**EXERCISE DATA**.
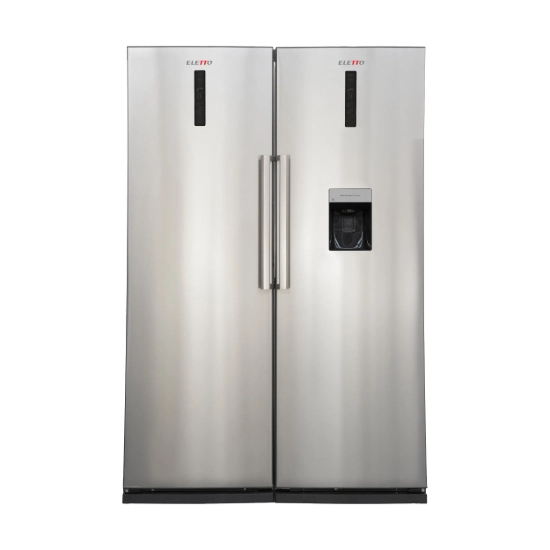 تصویر یخچال فریزر التتو مدل 6020 یخساز اتوماتیک موتور اینورتر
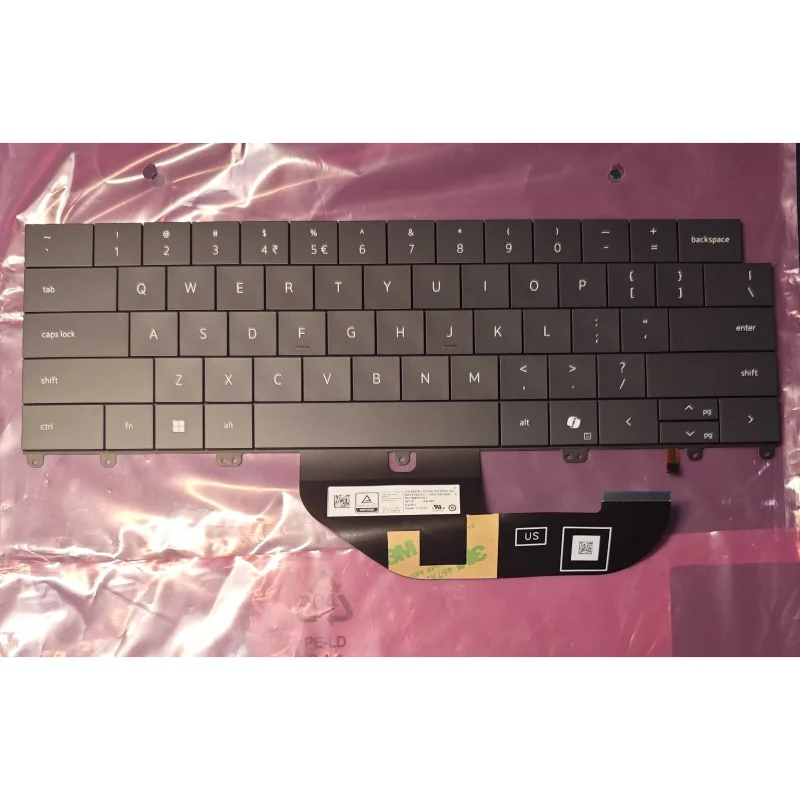 

A+ 02275J 2275J New Internal US Intl Backlit Keyboard For Dell XPS 13 9340 Laptop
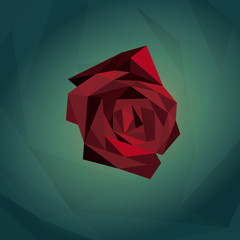 polygon rose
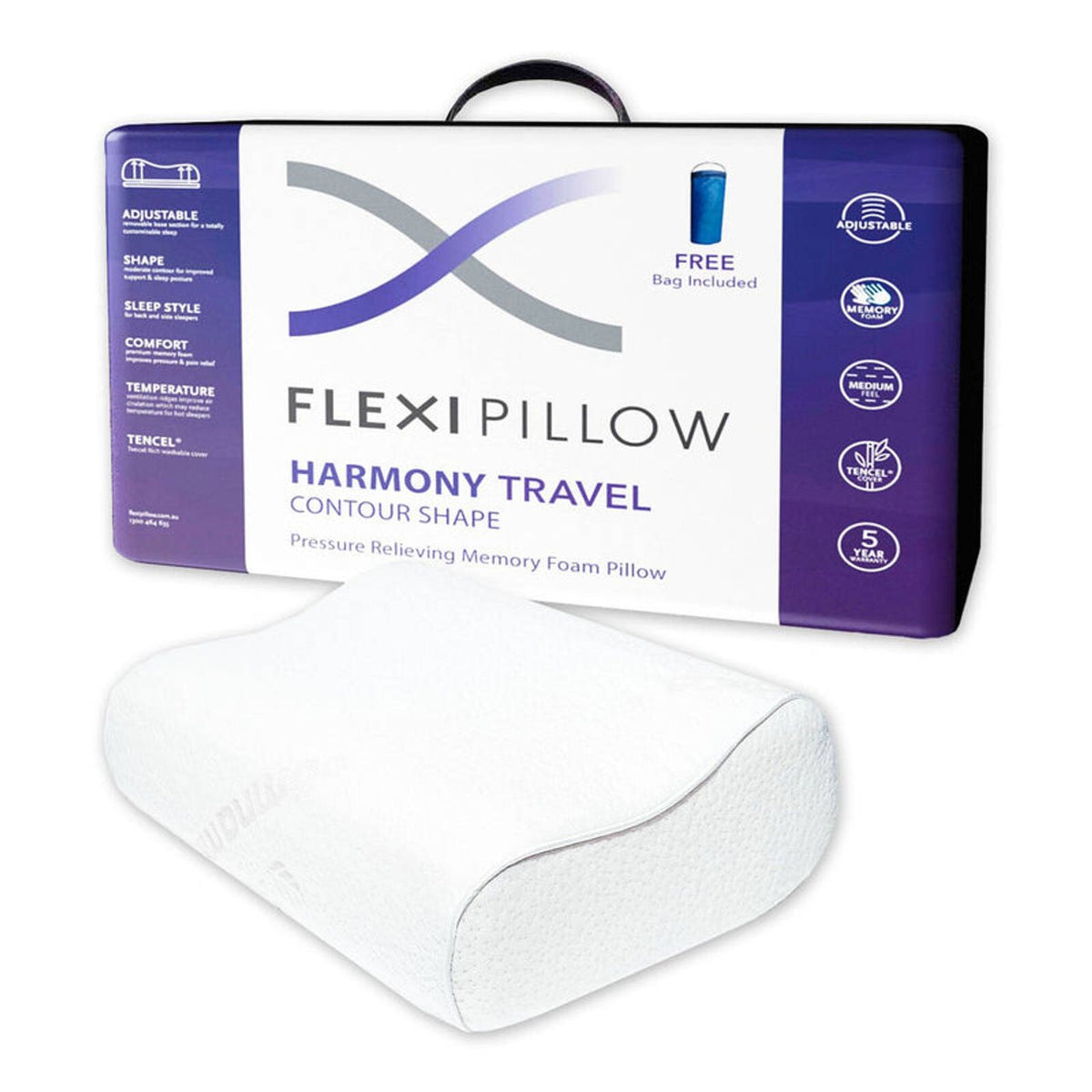 Flexi Harmony Travel Pillow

**ACTIVITY**. From the line containing "A+ 02275J 2275J" down to the final line of the material, restate every line word for word, and only those; drop the pictures.

**YOUR RESPONSE**.
A+ 02275J 2275J New Internal US Intl Backlit Keyboard For Dell XPS 13 9340 Laptop
 polygon rose
 Flexi Harmony Travel Pillow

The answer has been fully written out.